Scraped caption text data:
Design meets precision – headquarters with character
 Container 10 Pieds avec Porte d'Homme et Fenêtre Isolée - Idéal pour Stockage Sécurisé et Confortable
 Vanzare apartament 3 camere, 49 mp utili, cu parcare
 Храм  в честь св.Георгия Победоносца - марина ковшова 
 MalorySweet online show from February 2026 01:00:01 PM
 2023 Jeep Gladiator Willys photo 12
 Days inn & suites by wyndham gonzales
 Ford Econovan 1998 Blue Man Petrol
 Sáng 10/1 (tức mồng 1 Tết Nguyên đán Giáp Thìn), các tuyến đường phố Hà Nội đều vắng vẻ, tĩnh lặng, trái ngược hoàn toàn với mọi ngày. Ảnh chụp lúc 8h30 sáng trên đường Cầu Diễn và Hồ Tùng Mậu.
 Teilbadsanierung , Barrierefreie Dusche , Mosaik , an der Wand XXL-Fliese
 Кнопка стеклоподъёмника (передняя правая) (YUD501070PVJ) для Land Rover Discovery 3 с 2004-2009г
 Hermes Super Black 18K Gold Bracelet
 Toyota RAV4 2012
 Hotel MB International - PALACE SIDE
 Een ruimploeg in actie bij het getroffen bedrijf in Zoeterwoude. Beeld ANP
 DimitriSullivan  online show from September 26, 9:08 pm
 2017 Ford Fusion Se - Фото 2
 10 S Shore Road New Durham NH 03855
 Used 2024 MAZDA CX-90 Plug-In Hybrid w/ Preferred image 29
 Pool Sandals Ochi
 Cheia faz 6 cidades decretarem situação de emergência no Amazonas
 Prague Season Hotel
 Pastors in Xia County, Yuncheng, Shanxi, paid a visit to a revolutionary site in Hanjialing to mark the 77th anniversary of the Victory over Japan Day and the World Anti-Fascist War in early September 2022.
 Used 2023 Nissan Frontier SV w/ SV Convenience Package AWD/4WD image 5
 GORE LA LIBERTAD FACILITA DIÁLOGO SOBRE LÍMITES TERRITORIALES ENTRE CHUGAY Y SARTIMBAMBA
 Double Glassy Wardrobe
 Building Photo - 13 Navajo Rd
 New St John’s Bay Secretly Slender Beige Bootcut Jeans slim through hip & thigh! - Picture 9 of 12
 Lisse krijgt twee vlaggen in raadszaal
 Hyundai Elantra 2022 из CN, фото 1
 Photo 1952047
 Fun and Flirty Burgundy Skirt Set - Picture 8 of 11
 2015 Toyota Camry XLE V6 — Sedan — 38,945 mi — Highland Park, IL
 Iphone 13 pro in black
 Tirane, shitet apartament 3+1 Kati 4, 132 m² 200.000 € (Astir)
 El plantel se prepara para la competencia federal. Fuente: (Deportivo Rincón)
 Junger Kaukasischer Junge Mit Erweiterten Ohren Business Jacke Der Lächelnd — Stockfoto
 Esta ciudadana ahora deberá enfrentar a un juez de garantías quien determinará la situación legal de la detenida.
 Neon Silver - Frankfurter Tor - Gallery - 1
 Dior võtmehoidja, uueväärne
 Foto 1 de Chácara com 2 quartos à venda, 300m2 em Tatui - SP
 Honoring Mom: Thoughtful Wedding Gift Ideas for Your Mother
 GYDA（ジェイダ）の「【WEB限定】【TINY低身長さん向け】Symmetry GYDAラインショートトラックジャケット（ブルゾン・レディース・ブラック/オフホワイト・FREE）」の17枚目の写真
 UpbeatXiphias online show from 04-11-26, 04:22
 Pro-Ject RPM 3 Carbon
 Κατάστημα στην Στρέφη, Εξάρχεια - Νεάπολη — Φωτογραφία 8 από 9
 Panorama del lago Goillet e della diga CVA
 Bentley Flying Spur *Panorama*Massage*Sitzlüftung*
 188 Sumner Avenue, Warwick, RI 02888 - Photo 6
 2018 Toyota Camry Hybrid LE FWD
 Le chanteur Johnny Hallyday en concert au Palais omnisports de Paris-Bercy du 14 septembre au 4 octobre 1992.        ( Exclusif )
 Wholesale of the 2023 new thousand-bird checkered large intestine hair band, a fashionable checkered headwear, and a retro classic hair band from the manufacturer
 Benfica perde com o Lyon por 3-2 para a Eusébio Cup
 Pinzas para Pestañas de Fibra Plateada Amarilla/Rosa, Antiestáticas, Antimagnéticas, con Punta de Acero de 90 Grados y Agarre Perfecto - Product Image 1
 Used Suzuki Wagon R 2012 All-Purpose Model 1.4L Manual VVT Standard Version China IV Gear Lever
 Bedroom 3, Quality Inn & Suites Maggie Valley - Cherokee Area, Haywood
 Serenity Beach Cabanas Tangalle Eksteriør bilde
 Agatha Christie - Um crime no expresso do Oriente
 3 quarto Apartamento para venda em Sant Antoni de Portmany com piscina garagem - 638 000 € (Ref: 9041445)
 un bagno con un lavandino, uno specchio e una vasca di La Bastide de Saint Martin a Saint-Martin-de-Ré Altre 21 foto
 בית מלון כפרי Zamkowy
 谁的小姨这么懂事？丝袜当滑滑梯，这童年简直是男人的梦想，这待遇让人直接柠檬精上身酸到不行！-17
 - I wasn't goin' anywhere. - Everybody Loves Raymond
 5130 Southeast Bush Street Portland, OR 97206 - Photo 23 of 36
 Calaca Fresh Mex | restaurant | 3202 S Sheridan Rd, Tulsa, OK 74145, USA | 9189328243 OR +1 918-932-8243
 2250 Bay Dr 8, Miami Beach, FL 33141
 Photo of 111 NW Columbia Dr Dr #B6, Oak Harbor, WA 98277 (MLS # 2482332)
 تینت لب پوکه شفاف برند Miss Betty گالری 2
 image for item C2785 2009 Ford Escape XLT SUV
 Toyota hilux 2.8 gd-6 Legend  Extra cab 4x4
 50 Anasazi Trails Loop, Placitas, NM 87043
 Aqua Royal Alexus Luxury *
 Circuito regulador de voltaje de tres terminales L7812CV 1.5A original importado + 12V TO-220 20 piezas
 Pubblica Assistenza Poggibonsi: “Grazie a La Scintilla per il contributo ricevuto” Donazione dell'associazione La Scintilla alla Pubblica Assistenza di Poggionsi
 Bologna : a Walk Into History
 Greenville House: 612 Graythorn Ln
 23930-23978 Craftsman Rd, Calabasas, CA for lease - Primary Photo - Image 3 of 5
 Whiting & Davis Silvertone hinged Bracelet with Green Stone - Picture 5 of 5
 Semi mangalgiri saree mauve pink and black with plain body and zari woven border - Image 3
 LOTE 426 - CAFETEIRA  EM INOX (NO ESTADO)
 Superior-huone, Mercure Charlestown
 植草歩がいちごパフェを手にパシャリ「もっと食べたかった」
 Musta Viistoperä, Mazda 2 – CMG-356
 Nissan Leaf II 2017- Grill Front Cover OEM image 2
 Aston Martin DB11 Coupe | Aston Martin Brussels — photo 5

Brief:
From the line with "谁的小姨这么懂事？丝袜当滑滑" to the final line of the entries above, return every line exactly as written.

Response area:
 谁的小姨这么懂事？丝袜当滑滑梯，这童年简直是男人的梦想，这待遇让人直接柠檬精上身酸到不行！-17
 - I wasn't goin' anywhere. - Everybody Loves Raymond
 5130 Southeast Bush Street Portland, OR 97206 - Photo 23 of 36
 Calaca Fresh Mex | restaurant | 3202 S Sheridan Rd, Tulsa, OK 74145, USA | 9189328243 OR +1 918-932-8243
 2250 Bay Dr 8, Miami Beach, FL 33141
 Photo of 111 NW Columbia Dr Dr #B6, Oak Harbor, WA 98277 (MLS # 2482332)
 تینت لب پوکه شفاف برند Miss Betty گالری 2
 image for item C2785 2009 Ford Escape XLT SUV
 Toyota hilux 2.8 gd-6 Legend  Extra cab 4x4
 50 Anasazi Trails Loop, Placitas, NM 87043
 Aqua Royal Alexus Luxury *
 Circuito regulador de voltaje de tres terminales L7812CV 1.5A original importado + 12V TO-220 20 piezas
 Pubblica Assistenza Poggibonsi: “Grazie a La Scintilla per il contributo ricevuto” Donazione dell'associazione La Scintilla alla Pubblica Assistenza di Poggionsi
 Bologna : a Walk Into History
 Greenville House: 612 Graythorn Ln
 23930-23978 Craftsman Rd, Calabasas, CA for lease - Primary Photo - Image 3 of 5
 Whiting & Davis Silvertone hinged Bracelet with Green Stone - Picture 5 of 5
 Semi mangalgiri saree mauve pink and black with plain body and zari woven border - Image 3
 LOTE 426 - CAFETEIRA  EM INOX (NO ESTADO)
 Superior-huone, Mercure Charlestown
 植草歩がいちごパフェを手にパシャリ「もっと食べたかった」
 Musta Viistoperä, Mazda 2 – CMG-356
 Nissan Leaf II 2017- Grill Front Cover OEM image 2
 Aston Martin DB11 Coupe | Aston Martin Brussels — photo 5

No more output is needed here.